> [HOW TO COMPLETE THIS TASK] The answer is the data below, repeated exactly, with no pictures included.
-=-=-
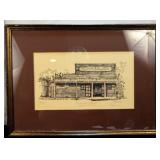 Malemute Saloon Esta. Alaska Hoffman 1976 Print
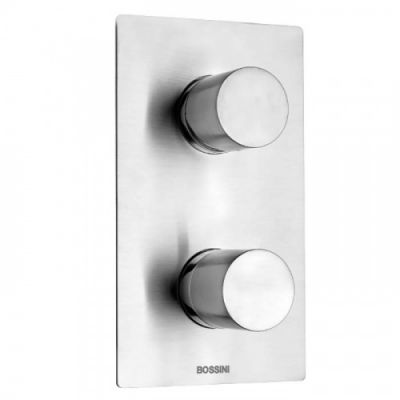 Bossini Inox Смеситель для душа, встраиваемый, с девиаторм 1/2/3/4/5, цвет: сталь брашированная INZ042.075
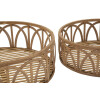 Mauro Ferretti zestaw tac Fuji 3-częściowy Ø 50x16-40x14-30x12 cm brązowy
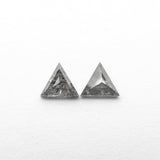 0.35cttw 2pc 4.07x3.55x2.04mm 4.10x3.55x1.80mm Triangle Rosecut Matching Pair 24486-01-Staghead Designs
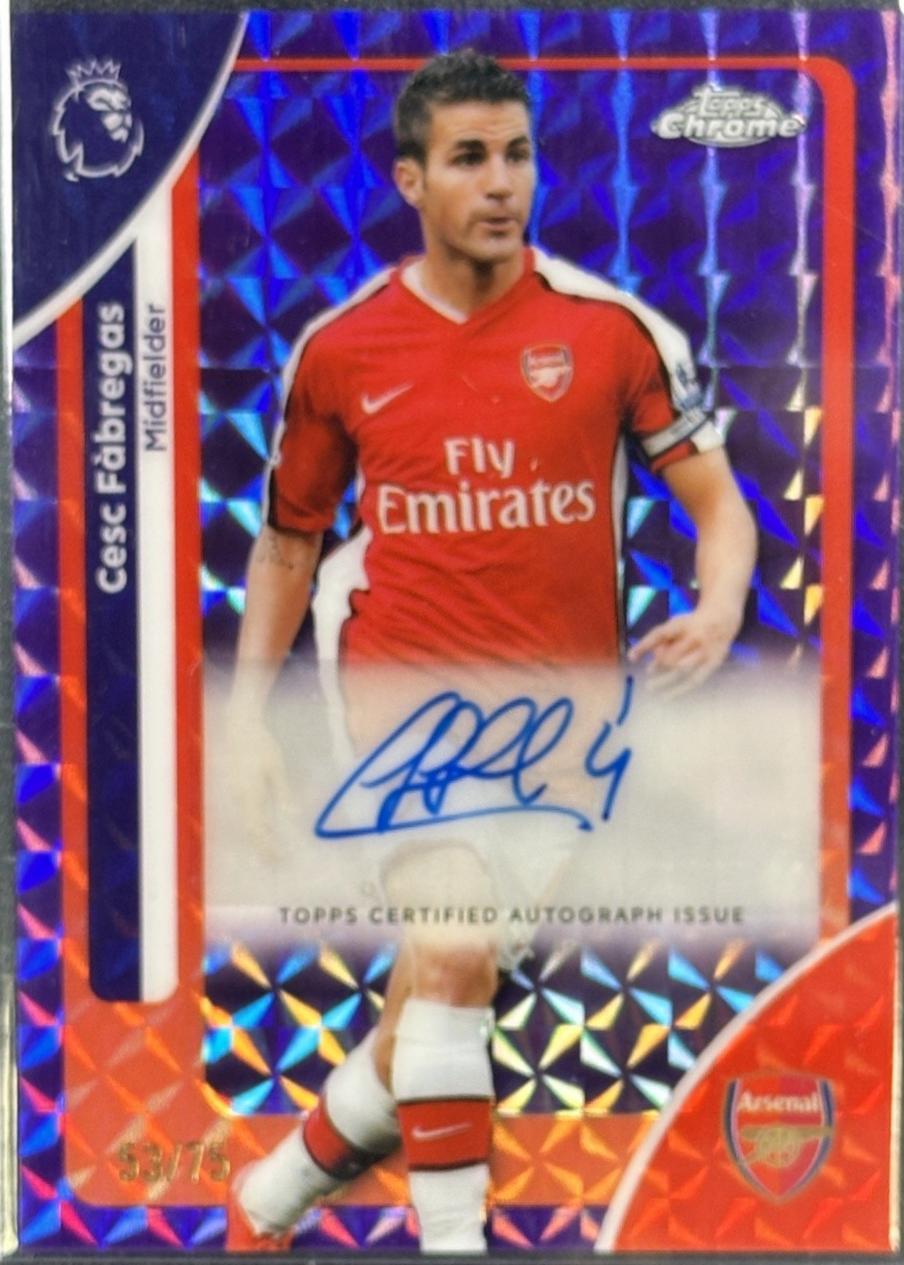 Cesc Fabregas [Purple Refractor] #CA-CF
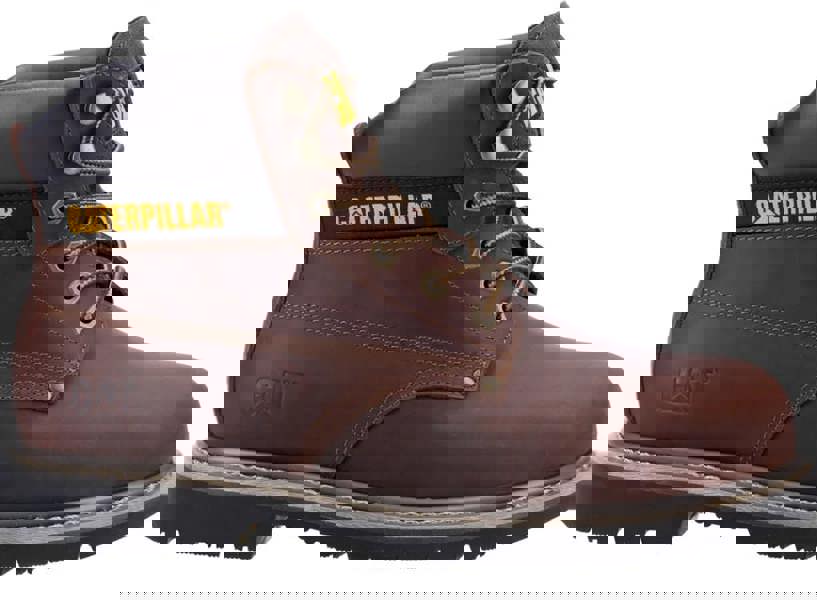 Caterpillar PowerPlant Mens S3 Safety Steel Toe/Midsole Work Boots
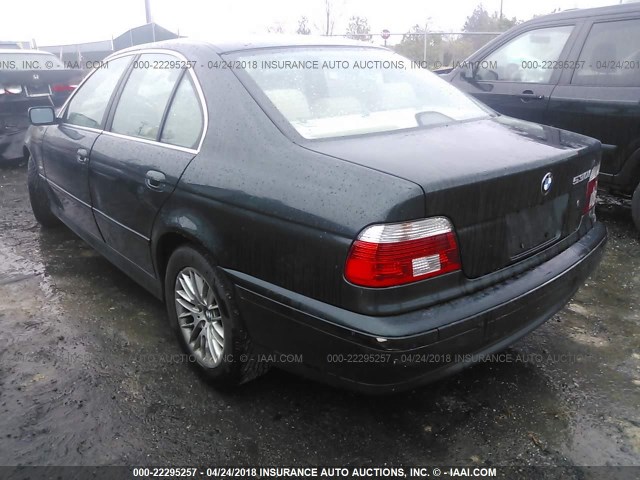 WBADT63471CF01767 - 2001 BMW 530 I AUTOMATIC GREEN photo 3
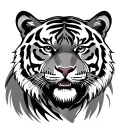 Korean tiger tattoo design idea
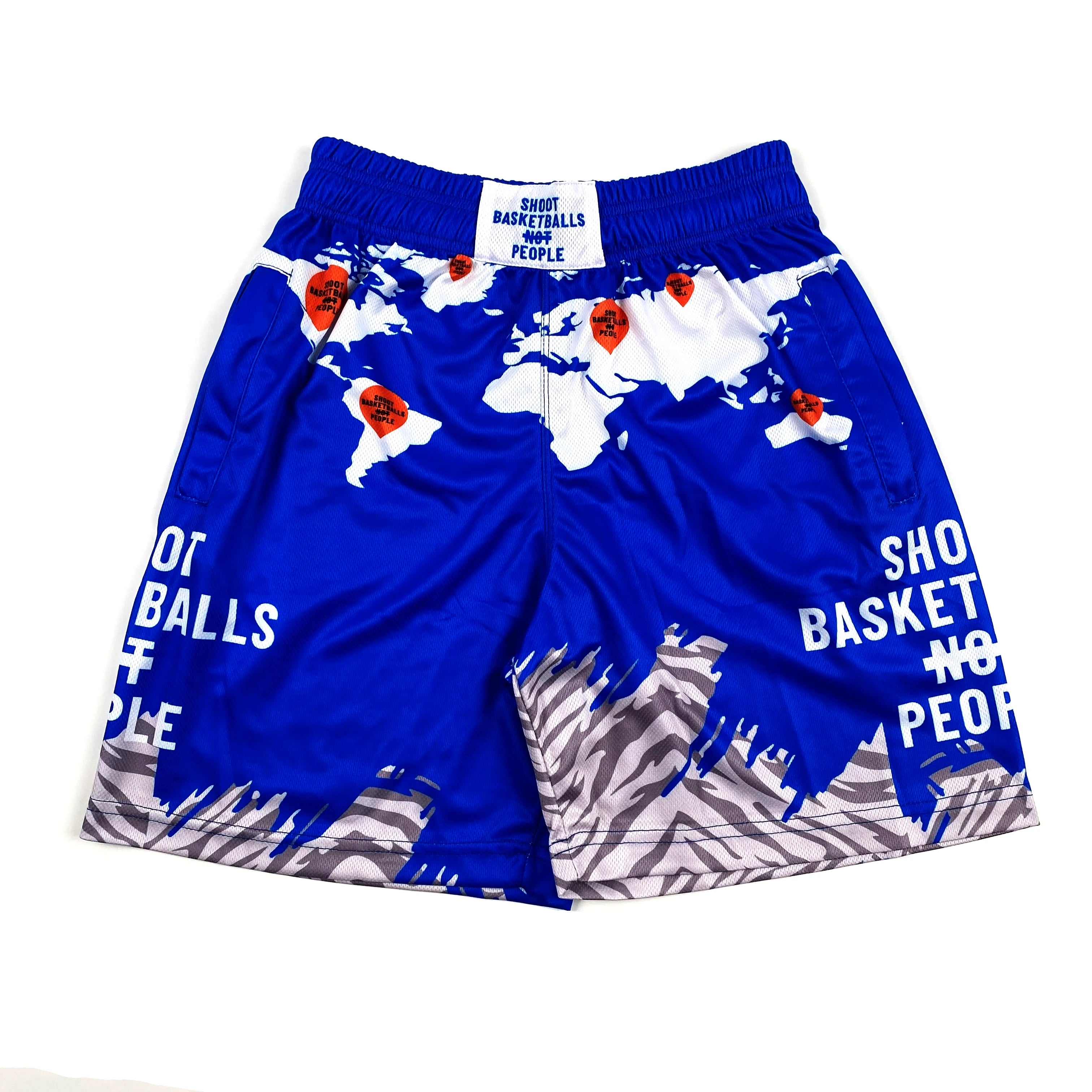 Shoot Basketballs Not People Unity Shorts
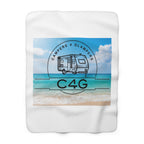 Sherpa Blanket — 'Campers 4 Glampers' Beach RV Sherpa Fleece Throw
-=-=-
> [ANSWER FOR THIS EXERCISE]
 Malemute Saloon Esta. Alaska Hoffman 1976 Print
 Bossini Inox Смеситель для душа, встраиваемый, с девиаторм 1/2/3/4/5, цвет: сталь брашированная INZ042.075
 Mauro Ferretti zestaw tac Fuji 3-częściowy Ø 50x16-40x14-30x12 cm brązowy
 0.35cttw 2pc 4.07x3.55x2.04mm 4.10x3.55x1.80mm Triangle Rosecut Matching Pair 24486-01-Staghead Designs
 Cesc Fabregas [Purple Refractor] #CA-CF
 Caterpillar PowerPlant Mens S3 Safety Steel Toe/Midsole Work Boots
 WBADT63471CF01767 - 2001 BMW 530 I AUTOMATIC GREEN photo 3
 Korean tiger tattoo design idea
 Shoot Basketballs Not People Unity Shorts
 Sherpa Blanket — 'Campers 4 Glampers' Beach RV Sherpa Fleece Throw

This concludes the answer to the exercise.